Pertanor came slogging across the open ground and plunged into cover beside her. ‘What did you think you were doing?’ he demanded, gulping for breath. ‘If you ever take a risk like that again I’ll kill you myself.’
She smirked at him. ‘Can’t have you taking me for granted,’ she said.
The Doctor examined the rock round the narrow opening.
‘What are you looking for?’ Leela asked.
He pulled at some loose material. ‘A way to delay the copies long enough to get those ships off the ground without them.’ It didn’t look like a promising stratagem.
‘That will not work,’ Leela said flatly.
‘No, it won’t,’ he agreed, giving up on the idea.
‘I will stop them,’ she said, moving to stand in front of the opening.
‘There are fifty or more, the Doctor said. ‘But they can only come through that gap one at a time or they’ll get in each other’s way.’
Leela said, ‘I will get tired eventually.’ She was holding her knife and waiting to fight, standing uncannily like the copies had stood, waiting to fight.
‘The guns are key,’ Fermindor said to Kley, squinting into the brightness out beyond the shelter of Drop One’s main drive housing. ‘If they get to them first, we’re dead.’ The bodies of the pilot and medic from Drop Two lay in the open between the two ships. The guns they had been using had fallen near them, spilled from their hands as they were cut down by Belay’s deranged firing.
‘I don’t understand why they’ve left them lying there,’ she said, ‘when it’s get ’em and game over.’
‘They may look like us, but that doesn’t mean they’re bright.
‘You mean we are?’
The copies of Rinandor, Monly and Pertanor were standing in the mess of bodies and bits of bodies left by the fire fight that Belay had triggered. Rinandor was the one with the gun and she was watching intently for movement in and around the ship. The other two were simply standing and waiting.
‘It could be a trap,’ Fermindor conceded. ‘Or it could be that Belay confused them. Maybe they’re not sure whether we’re armed.’
‘They can’t be that stupid. I think they’re following orders.
‘Which would be?’
‘Get the ships down. Protect them at all costs.’
He smiled at her in admiration. ‘Yes,’ he said. ‘You’re right.
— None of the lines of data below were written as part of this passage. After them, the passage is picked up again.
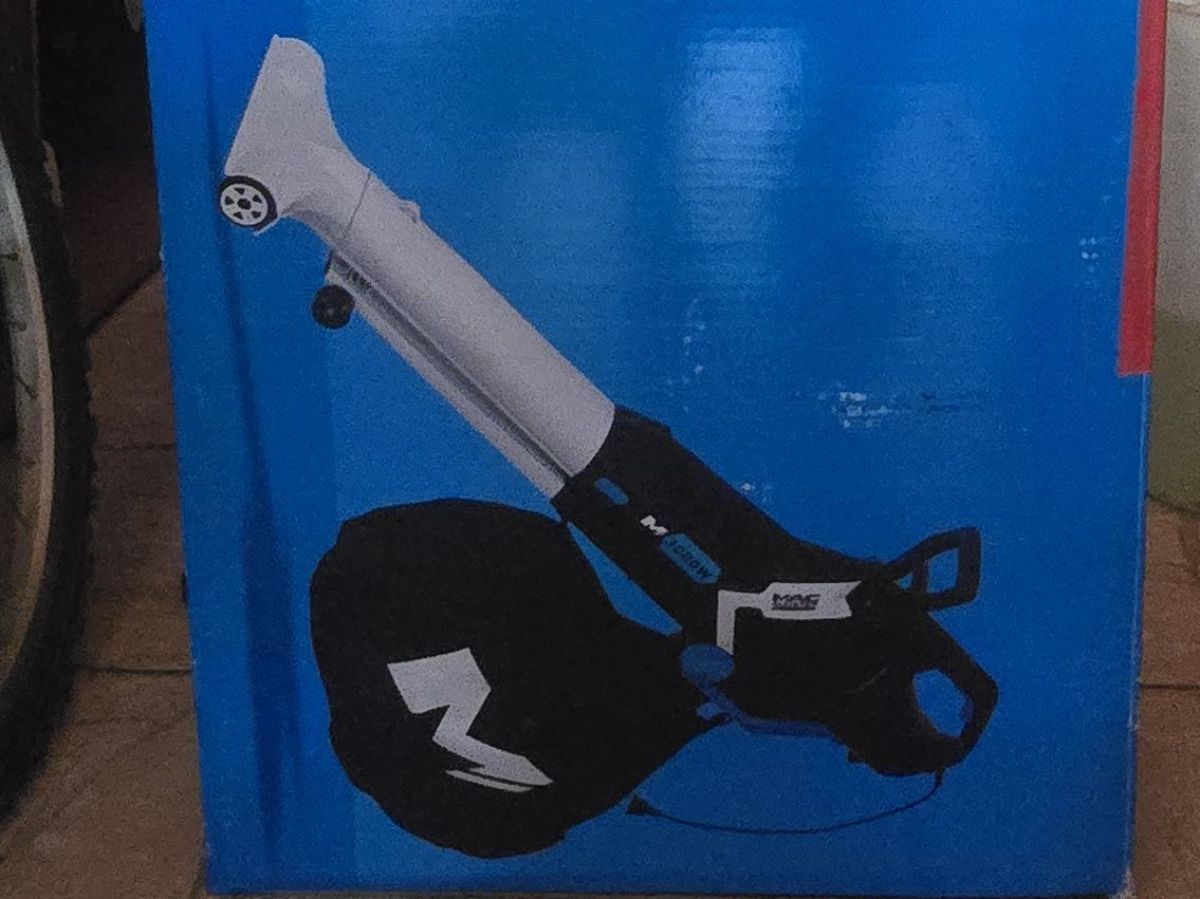 Souffleur/aspirateur de feuilles. 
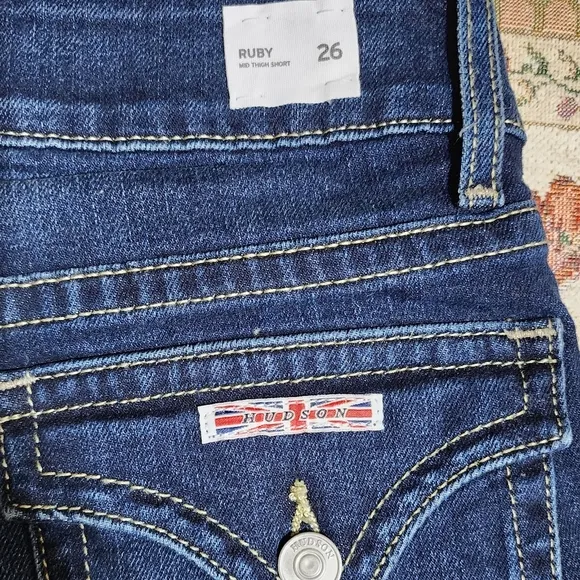 HUDSON Jeans Croxley Mid-rise Rolled Cuff Denim Shorts Size 26, New, Ret…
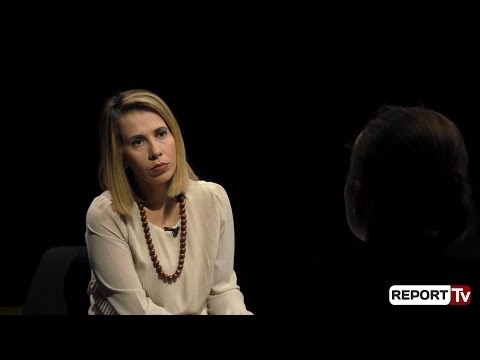 25 vjeçarja në 'Rreze Dielli': Ja si më dhunonte bashkëjetuesi: S'doja që vajza të rritej pa baba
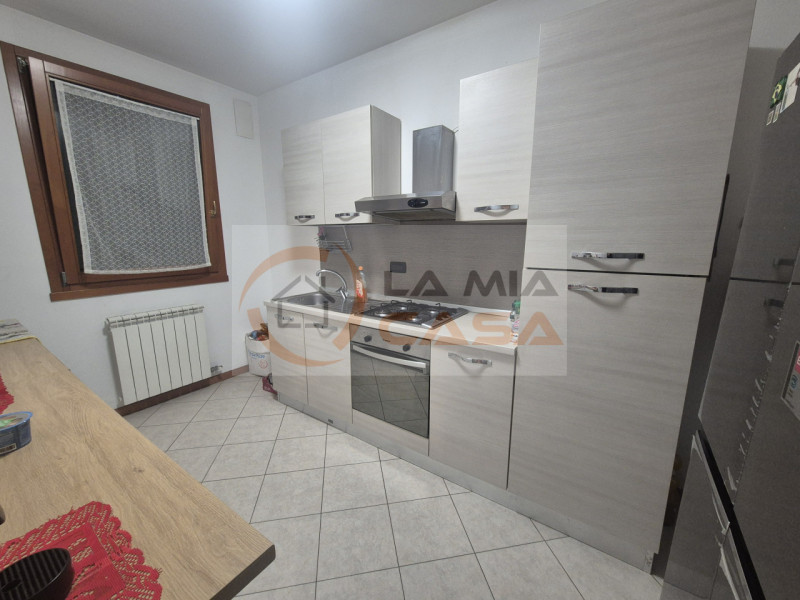 SONO RICHIESTE REFERENZE E DUE CONTRATTI DI LAVORO A TEMPO INDETERMINATO.
SI PREGA DI INVIARE UNA...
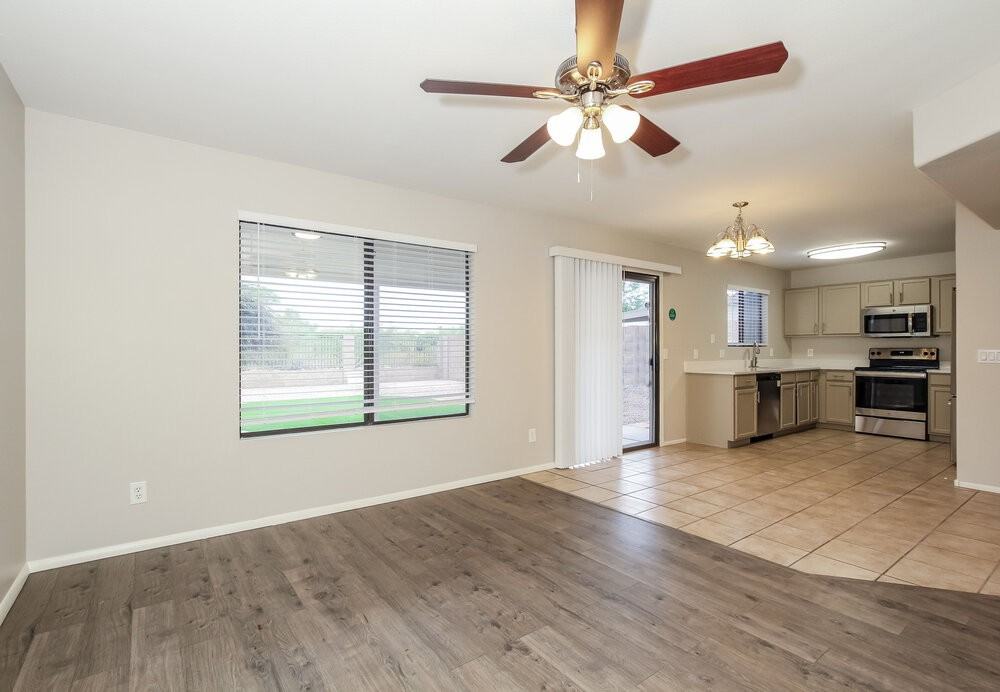 2165 E Donald Dr - Photo 6 of 17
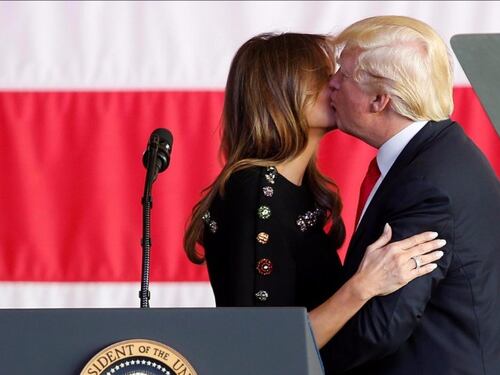 Al G7 il riscatto di Trump, Melania: sono fiera di lui. E lo bacia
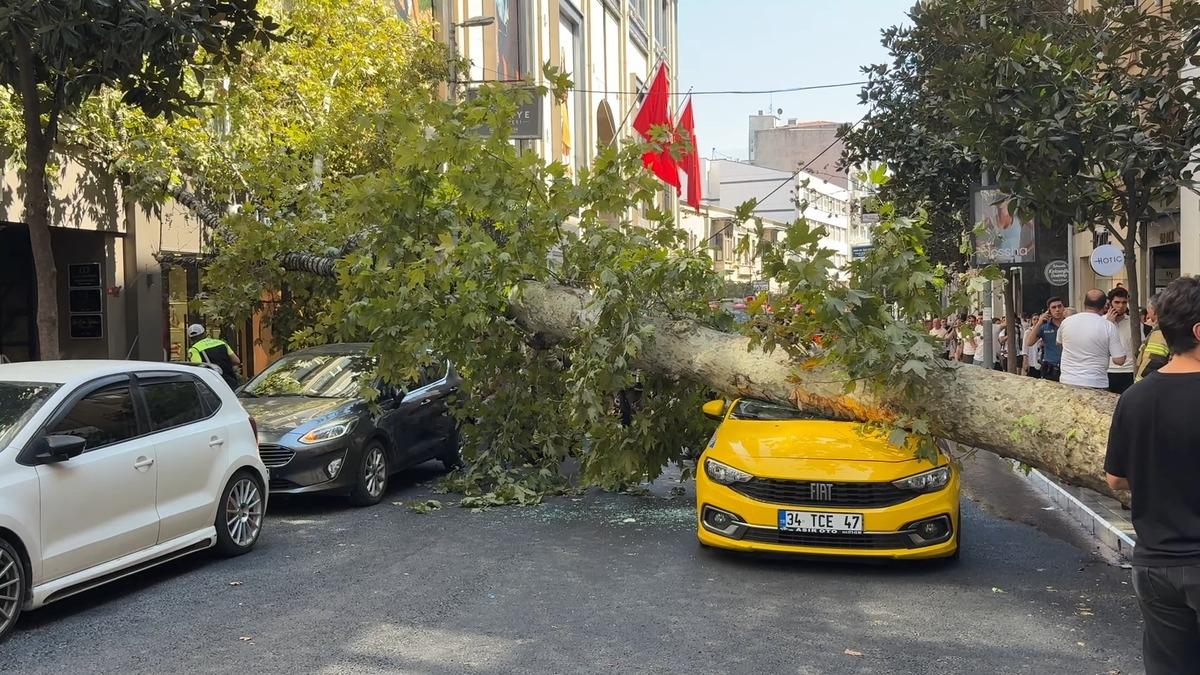 Yer: Nişantaşı! Ortalık savaş alanına d&ouml;nd&uuml;: Cadde trafiğe kapandı! 2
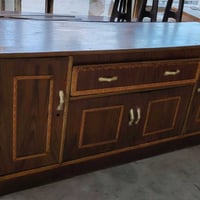 بوفية ٢متر • نضيفة • مفرق فلكت نهودة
They couldn’t have been expecting us so killing us isn’t a priority. And if we’re not armed we don’t feature. They don’t give a damn about us as long as we can’t threaten the ships.’
She peered round. ‘Where are Ri and Pe now?’
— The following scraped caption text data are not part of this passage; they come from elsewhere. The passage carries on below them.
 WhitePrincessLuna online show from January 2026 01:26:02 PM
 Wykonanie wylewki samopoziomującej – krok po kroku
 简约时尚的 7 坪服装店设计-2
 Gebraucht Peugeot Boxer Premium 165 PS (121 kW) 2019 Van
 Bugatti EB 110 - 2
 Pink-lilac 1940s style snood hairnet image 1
Behind them Rinandor and Pertanor were carefully crawling out into the dazzling light heading for Drop Two.
They were keeping Drop One between them and the watching Rinandor, but they would be fully visible sooner or later. It looked like sooner to Kley.
They were obviously not expecting resistance, because the first two of them came through the narrow gap together, one slightly behind the other. Leela stepped across the opening so that the lead one turned to thrust at her and impeded the attack of the second. Leela killed them both as they were struggling to get at her. The second pair were stumbling over the bodies before they realised the full danger and Leela dispatched them with equal skill. After that there was a lull.
‘They will come one at a time now,’ Leela said with grim satisfaction. ‘They do not learn quickly, but they learn.’ She glanced at the Doctor. ‘Is that how I am?’
‘No,’ the Doctor said. ‘You’re a quick study.’ The narrow gap was already partially blocked with dead versions of Leela. For a moment he wondered what these constructs would have felt before they died. How fully formed and individual were they? He put the thought out of his mind. Now was not the time for philosophising. ‘I’ll see if I can do anything to speed things up,’ the Doctor said, hurrying to the cave entrance and out into the harsh light.